Memorandum of Conversation, by Mr. Hugh S. Cumming, Jr., of the Division of European Affairs
|Participants:||Mr. Morgenstierne, the Norwegian Minister,|
|Mr. Hugh S. Cumming, Jr., of the Division of European Affairs,|
|Mr. John C. Ross, of the Division of Trade Agreements.|
The Norwegian Minister, Mr. Morgenstierne, called on Mr. Sayre by appointment at four o’clock this afternoon to discuss further certain matters in connection with a possible trade agreement between Norway and the United States, which he and Mr. Sayre had talked over informally last night.
Mr. Morgenstierne opened the conversation by saying that he had been very interested in what Mr. Sayre had said to him the previous evening and had prepared a telegram to his Government based on that conversation. He handed to Mr. Sayre his draft telegram which reads as follows, and asked Mr. Sayre if he would be good enough to indicate whether it correctly represented the tenor of the conversation:
“Assistant Secretary Sayre confirms that in the event of negotiations about a trade agreement it is the attitude of the Department of State that the tax and duty on whale oil should be reduced sufficiently to place whale oil on an equal footing with competing raw materials for the soap industry, giving due consideration to the special expenses connected with the necessary hardening process as regards whale oil.
“Mr. Sayre adds that the State Department adheres to its position as repeatedly stated that it is desirable that the American market be reopened for Norwegian whale oil, and that in the course of negotiations as referred to the tax and duty on whale oil should be reduced to such an extent,—if need be the maximum reduction authorized by [Page 620]the Trade Agreement Act3—, which can be shown to be necessary in order to accomplish this goal, viz. the reopening of the American market.”
Mr. Sayre read Mr. Morgenstierne’s telegram and then with respect to the first paragraph thereof referred to his conversation with Foreign Minister Koht (on October 28, 1937,)4 during which he had stated that it might be possible for this Government to reduce the duty and tax on whale oil in a trade agreement to an extent which would tend to bring that commodity into a competitive position with palm oil and tallow. In this connection, Mr. Sayre referred to the fact that the duty and tax on whale oil now amount to 3.8 cents per pound, while duty and tax on tallow amount to 3½ cents per pound, and the tax on palm oil (duty free) amounts to 3 cents per pound. Mr. Sayre also mentioned that he had said that in placing whale oil on a competitive basis with palm oil and tallow, insofar as duty and tax were concerned, consideration might also be given to the hydrogenation process to which whale oil must be subjected. Estimates of the cost of this process vary from ½ to 1 cent per pound.
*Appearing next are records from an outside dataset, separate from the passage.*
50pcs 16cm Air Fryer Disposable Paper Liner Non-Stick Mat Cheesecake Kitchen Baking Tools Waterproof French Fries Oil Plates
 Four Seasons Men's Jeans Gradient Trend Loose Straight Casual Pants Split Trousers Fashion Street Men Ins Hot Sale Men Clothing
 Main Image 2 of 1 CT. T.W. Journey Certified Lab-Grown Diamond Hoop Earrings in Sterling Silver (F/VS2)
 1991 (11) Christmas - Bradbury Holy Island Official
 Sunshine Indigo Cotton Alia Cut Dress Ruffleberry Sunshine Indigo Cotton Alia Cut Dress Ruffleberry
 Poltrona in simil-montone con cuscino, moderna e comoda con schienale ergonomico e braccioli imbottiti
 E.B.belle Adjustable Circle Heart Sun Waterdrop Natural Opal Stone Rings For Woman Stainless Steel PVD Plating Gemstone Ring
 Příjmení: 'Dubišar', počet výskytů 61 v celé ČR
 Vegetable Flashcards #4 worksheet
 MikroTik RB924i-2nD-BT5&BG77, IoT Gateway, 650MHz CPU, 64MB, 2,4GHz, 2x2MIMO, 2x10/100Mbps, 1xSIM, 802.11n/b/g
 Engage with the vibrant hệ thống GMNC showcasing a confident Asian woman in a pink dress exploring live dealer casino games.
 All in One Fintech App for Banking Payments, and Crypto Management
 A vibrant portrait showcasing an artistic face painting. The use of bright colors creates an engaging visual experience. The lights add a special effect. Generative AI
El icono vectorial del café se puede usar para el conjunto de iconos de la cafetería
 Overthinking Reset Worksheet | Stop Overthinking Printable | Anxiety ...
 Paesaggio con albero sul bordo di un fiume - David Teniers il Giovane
With regard to the second paragraph in Mr. Morgenstierne’s draft telegram, Mr. Sayre stated that he had apparently been misunderstood by Mr. Morgenstierne, since of course it was not possible for this Government, either through the Trade Agreements Act or otherwise, to guarantee that the American market be reopened and kept open for Norwegian whale oil, regardless of price changes, etc., which might take place in the future.
Some conversation ensued, during which Mr. Sayre endeavored to explain again to Mr. Morgenstierne the restrictions which the Trade Agreements Act placed on trade agreement negotiations, and the impossibility of the State Department committing itself, in advance of actual negotiations, to a specific promise as to what concessions might be granted Norway.
Mr. Sayre then suggested to Mr. Morgenstierne that the following more nearly represented the position of the State Department, and that he would have no objection to Mr. Morgenstierne telegraphing it to his Government:
“Assistant Secretary Sayre confirms that in the event of trade agreement negotiations it is the attitude of the Department of State that the tax and duty on whale oil might be reduced within the limitations of the Trade Agreements Act sufficiently to place whale oil on an equal footing with palm oil and tallow, and that due consideration will be given to the special expenses connected with the necessary hardening process as regards whale oil.”
Mr. Morgenstierne did not appear to be happy with the draft telegram as agreed to by Mr. Sayre, but said that he would study the matter and might take it up again in a day or so.